Without trying to get too technical, there are two basic steps to my ratings, rating teams as opponents and then using those ratings to calculate the overall ratings.  When we’re only talking about wins, your rating directly corresponds to the ratings as opponents of the teams that you beat.  By telling you how teams are rated as opponents, I was hoping that would explain this a little better.

Florida (at #9 as an opponent, highest among teams with losses) is the highest-rated win this season, so that’s why I was thinking it might be enough for Alabama, but Penn St. ranks 27th as an opponent, lower than West Virginia, whom LSU beat.  Arkansas is 28th, and Mississippi St. is 29th, so Alabama’s best second-best and third-best opponents cancel out LSU’s best and second-best opponents.  But then LSU catches up.  North Carolina is a respectable 43rd, and Tennessee is 67th.  Duke and San Jose St., neither of whom have an FBS (I-A) win, are #109 and #111, respectively.  LSU’s lowest-rated win is Vandy, who is #74 as an opponent.  If Penn St. beats Iowa, Duke beats Maryland (close game), and San Jose St. beats UC-Davis (close game), along with maybe Miss. St. and UNC losing, that might have all combined to put Alabama ahead of LSU.  The distance between Alabama and Oklahoma is not very much, so those three Alabama opponents’ winning might have been enough even if Oklahoma stays the same.  For instance, I accidentally had North Carolina 3-1 (I double-checked every team after noticing that error), and that would have given LSU an extra .07 in the ratings.  Oklahoma and Alabama are less than .04 apart, and LSU is less than .02 ahead of Oklahoma.

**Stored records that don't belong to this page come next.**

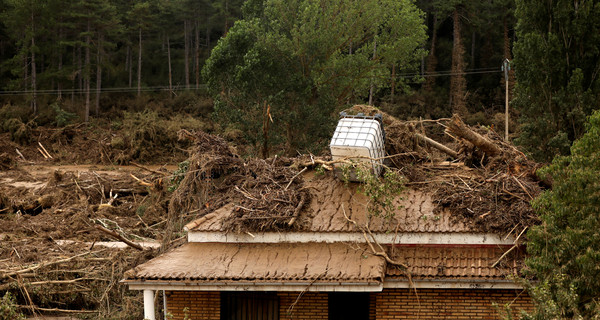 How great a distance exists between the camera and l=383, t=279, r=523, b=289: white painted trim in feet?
45.5

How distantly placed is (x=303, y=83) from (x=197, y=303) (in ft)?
71.8

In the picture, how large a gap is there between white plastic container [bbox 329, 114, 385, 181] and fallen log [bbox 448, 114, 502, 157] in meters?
1.73

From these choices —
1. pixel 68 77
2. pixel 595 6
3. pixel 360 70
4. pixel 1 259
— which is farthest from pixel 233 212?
pixel 68 77

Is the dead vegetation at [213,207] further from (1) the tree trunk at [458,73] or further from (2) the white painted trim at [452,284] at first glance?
(1) the tree trunk at [458,73]

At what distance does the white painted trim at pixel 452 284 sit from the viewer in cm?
1388

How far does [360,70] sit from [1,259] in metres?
21.4

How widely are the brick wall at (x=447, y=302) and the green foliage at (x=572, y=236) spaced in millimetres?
1883

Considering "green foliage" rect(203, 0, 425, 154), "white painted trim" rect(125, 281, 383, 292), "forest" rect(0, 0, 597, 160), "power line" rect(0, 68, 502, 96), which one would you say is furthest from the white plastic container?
"power line" rect(0, 68, 502, 96)

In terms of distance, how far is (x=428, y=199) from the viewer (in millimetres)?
15805

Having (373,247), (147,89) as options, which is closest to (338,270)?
(373,247)

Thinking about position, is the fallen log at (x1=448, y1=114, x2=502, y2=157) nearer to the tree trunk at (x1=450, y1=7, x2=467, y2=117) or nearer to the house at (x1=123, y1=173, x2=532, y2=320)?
the house at (x1=123, y1=173, x2=532, y2=320)

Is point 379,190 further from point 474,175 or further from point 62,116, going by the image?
point 62,116

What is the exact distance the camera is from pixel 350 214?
599 inches

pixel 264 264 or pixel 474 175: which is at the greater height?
pixel 474 175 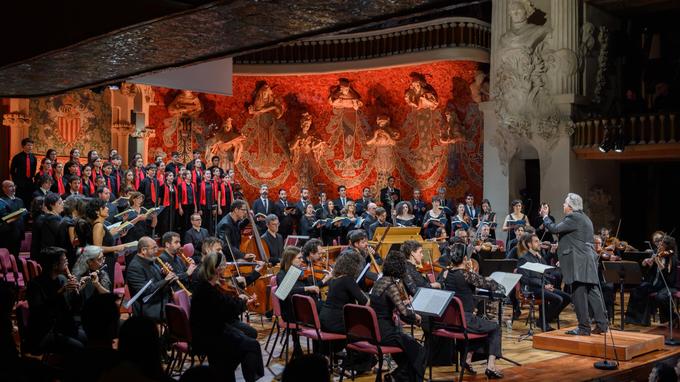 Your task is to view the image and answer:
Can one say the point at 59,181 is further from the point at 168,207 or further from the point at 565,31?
the point at 565,31

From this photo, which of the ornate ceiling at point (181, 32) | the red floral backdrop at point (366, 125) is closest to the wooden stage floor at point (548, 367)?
the ornate ceiling at point (181, 32)

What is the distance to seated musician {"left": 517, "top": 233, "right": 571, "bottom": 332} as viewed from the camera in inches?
379

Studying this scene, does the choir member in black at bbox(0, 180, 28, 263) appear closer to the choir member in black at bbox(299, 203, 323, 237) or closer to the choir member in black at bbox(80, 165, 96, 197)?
the choir member in black at bbox(80, 165, 96, 197)

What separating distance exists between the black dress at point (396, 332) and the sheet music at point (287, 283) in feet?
2.71

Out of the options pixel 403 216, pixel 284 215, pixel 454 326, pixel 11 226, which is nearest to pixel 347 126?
pixel 284 215

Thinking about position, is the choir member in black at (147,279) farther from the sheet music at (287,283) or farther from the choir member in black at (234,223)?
the choir member in black at (234,223)

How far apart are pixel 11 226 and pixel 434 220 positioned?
294 inches

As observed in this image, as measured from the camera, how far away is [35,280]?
5.89 metres

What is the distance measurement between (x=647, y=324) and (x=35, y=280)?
315 inches

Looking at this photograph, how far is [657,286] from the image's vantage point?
10156 mm

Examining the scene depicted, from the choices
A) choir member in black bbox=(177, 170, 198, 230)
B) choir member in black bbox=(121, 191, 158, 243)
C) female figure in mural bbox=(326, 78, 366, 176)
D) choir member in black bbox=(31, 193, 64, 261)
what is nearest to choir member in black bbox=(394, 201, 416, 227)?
choir member in black bbox=(177, 170, 198, 230)

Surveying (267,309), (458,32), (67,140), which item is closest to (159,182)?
(67,140)

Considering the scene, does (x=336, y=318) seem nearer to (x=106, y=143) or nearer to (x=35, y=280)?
(x=35, y=280)

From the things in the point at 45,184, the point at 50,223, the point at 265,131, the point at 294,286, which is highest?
the point at 265,131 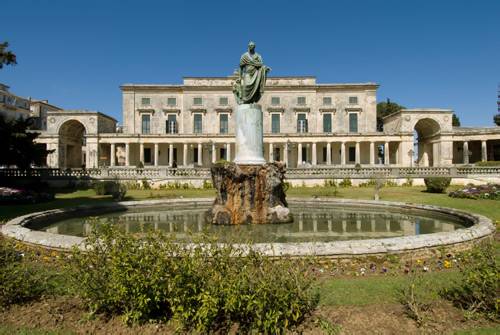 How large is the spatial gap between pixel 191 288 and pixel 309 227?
6.47 m

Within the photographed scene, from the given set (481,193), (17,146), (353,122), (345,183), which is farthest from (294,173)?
(353,122)

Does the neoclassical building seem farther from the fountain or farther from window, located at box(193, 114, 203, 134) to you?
the fountain

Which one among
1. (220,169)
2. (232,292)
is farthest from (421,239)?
(220,169)

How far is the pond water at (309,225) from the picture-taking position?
26.3 feet

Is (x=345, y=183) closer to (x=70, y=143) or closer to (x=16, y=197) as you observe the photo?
(x=16, y=197)

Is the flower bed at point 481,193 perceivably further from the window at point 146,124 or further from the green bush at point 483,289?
the window at point 146,124

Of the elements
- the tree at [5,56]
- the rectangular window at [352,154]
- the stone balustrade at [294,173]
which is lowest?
the stone balustrade at [294,173]

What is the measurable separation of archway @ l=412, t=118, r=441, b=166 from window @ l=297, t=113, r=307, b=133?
18.2 metres

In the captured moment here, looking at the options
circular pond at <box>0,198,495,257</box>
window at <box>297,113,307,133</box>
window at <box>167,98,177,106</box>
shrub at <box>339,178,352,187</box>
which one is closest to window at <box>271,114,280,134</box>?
window at <box>297,113,307,133</box>

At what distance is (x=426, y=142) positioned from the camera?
171 feet

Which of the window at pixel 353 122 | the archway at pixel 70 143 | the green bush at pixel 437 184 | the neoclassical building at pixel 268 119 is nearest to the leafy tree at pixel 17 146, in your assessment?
the neoclassical building at pixel 268 119

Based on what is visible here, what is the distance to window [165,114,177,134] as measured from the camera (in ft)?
173

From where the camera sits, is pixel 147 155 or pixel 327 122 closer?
pixel 147 155

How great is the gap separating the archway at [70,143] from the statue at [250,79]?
47648mm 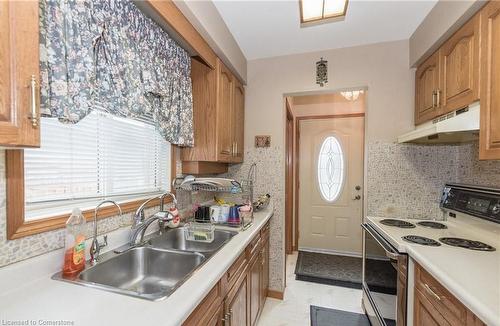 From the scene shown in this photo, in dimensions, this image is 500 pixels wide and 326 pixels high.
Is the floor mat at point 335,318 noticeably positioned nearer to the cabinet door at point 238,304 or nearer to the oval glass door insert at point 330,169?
the cabinet door at point 238,304

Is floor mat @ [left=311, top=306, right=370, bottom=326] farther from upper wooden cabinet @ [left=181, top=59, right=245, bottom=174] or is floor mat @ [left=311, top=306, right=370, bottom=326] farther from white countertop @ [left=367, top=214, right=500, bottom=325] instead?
upper wooden cabinet @ [left=181, top=59, right=245, bottom=174]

Maybe this year Vandy finishes 1-11 and Penn St. finishes 11-2, but it goes by where everyone is right now, including opponents and opponents’ opponents and even to some extent their opponents (because I don’t think you can fully rate the opponents without this information).  Also, it doesn’t look ahead and say that LSU stands to gain fewer points because they have two easy in-state opponents later in the year. So that’s another factor.  If LSU plays WVU and UNC later and those weaker opponents earlier, LSU wouldn’t be in the conversation.  If combined with that, BYU is better this year and beats Air Force and Utah St. (coincidentally two of Oklahoma’s opponents), Alabama is probably #1 right now.   It’s going to take a few more games for the ratings to reflect the teams’ acoomplishments more accurately without it being a function of scheduling quirks and opponents who start out differently from how they will end up later.